In December, the Interior Department released a draft identifying 24 solar development zones in California, Nevada, Colorado, Utah, New Mexico and Arizona with the highest potential for large-scale solar development and the fewest environmental conflicts.
The Bureau of Land Management’s deputy director of operations, Mike Pool, said Thursday he anticipates eliminating and reducing some zones but that he couldn’t give specifics yet.
The thousands of comments and concerns on the proposal demonstrate high interest in what the Interior and Energy departments are doing on renewable energy, Salazar said.
“We’ve taken those comments into consideration. We are talking about institutionalizing a program on solar development that will outlast the Obama administration,” he said in a teleconference with reporters.
“We’re trying to establish a template that will provide a solid backbone for planning, for conservationists and developers alike,” Deputy Interior Secretary David Hayes said.
A supplement to the December draft, to be released this fall, would improve information on biological and cultural resources within the zones so sensitive areas can be avoided.

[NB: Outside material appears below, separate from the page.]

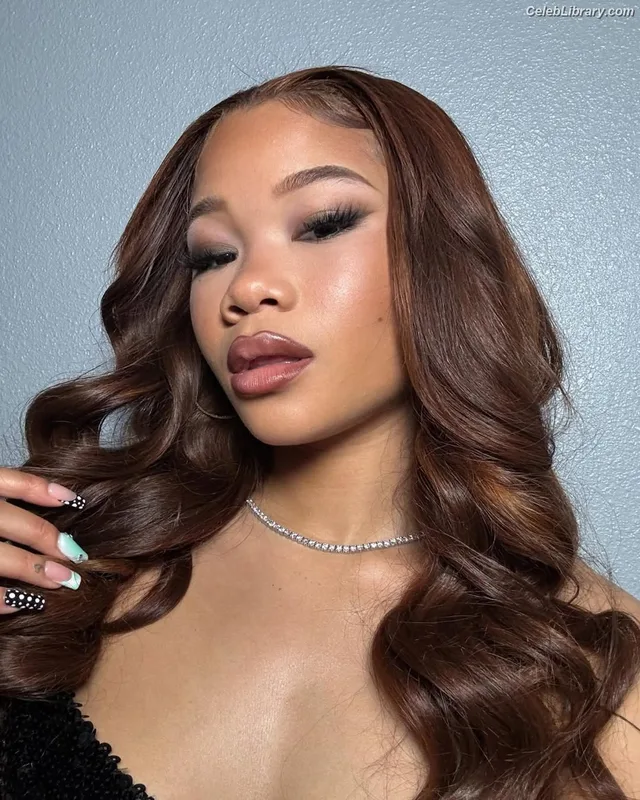 Storm Reid photo 7 of 884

It also will include a more robust analysis of transmission and address criteria for identifying future solar energy zones, incentives for placing projects within the zones, and handling projects proposed just outside the zones, Pool said.
The supplement also will be open to public comments. A final decision is expected next year.
Separately, the BLM already is analyzing new potential solar zones as part of regional planning efforts such as the California Desert Renewable Energy Conservation Plan, the West Chocolate Mountain planning effort in California and the Arizona Restoration Design Energy Project.